In the motivating example, Bill did not face Step $2$ of the algorithm at all as his choice of car production levels was unconstrained after choosing a representation of the world $m$ . This second step allows for physical difficulty of adjusting the action given the agent’s understanding of the decision problem. e.g., consider a decision maker who makes a portfolio decision regarding how to allocate his firm’s wealth. After choosing a representation of the world in Step $1$ , he might look at the facts $x$ through the lens of this representation $m$ and decide that he needs to lengthen the duration of his portfolio; however, since there are many different ways to do this in practice, he may face cognitive costs in executing such a change. Step $2$ captures these sort of costs.

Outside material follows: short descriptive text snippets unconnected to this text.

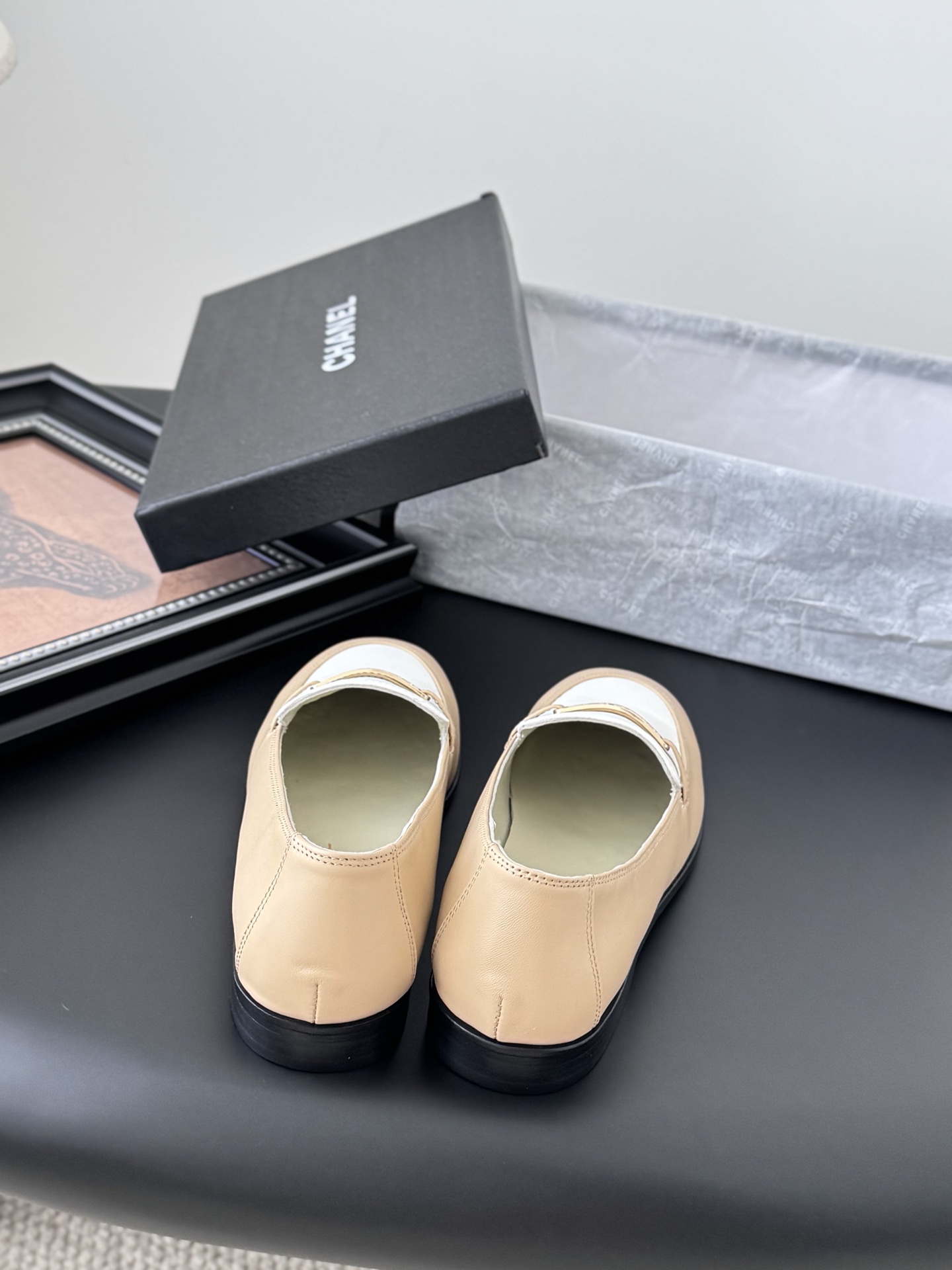 CHANEL シャネル ローファー レディース メンズ 兼用 通勤 ファッション 高級感 黒 白 ベージュ - 画像 6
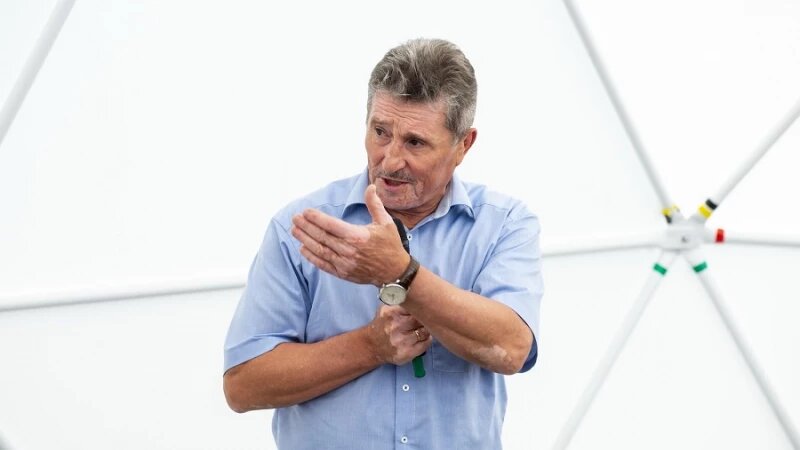     Владимир Беляев. Анна Зайкова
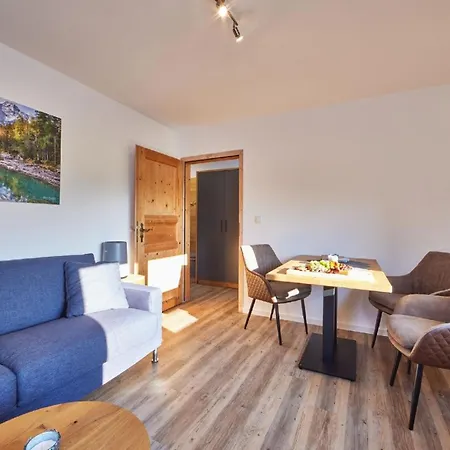 In Mit Grossem Balkon Apartamento *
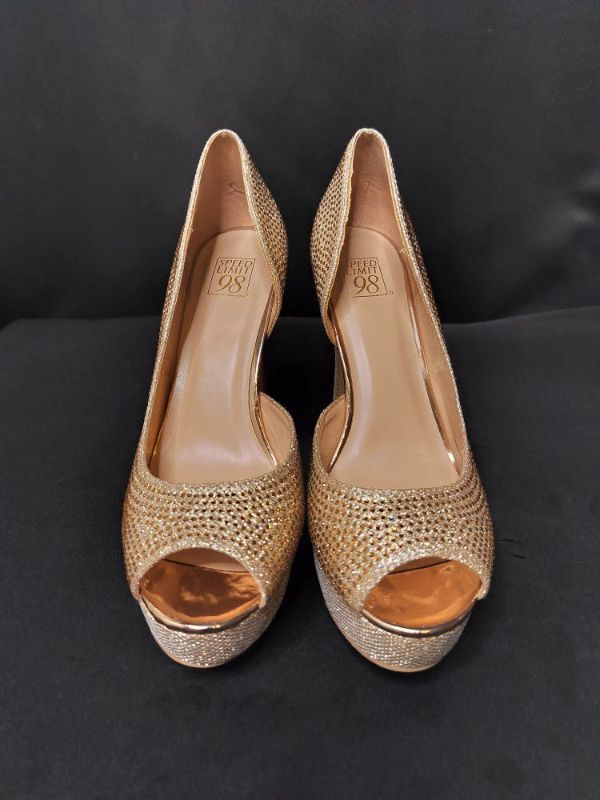 Photo 2 of WOMENS GOLD SEQUINED SPEED LIMIT 98 PEEP TOE HEELS 8.5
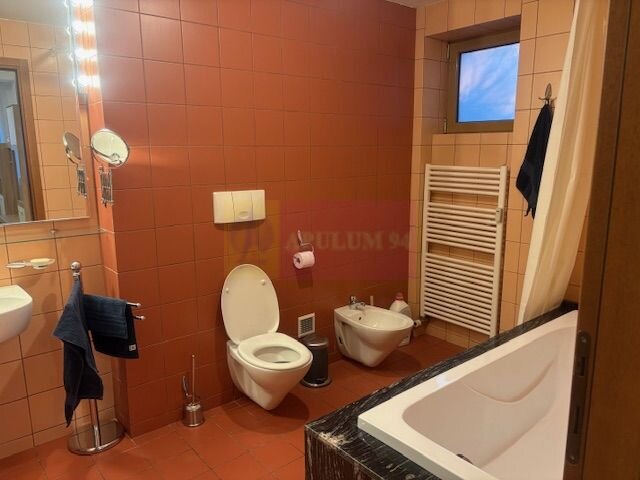 Apartament Bd Aviatorilor- Piata Charles De Gaulle.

In summary, a boundedly rational agent with a preference for sparsity first employs a quadratic approximation of his value function and then uses a linear cost function to price the cognitive cost of the complexity of his model of the world. What’s more, this same linear cognitive cost function can be used in a secondary step to incorporate settings where there are cognitive costs to executing a given action.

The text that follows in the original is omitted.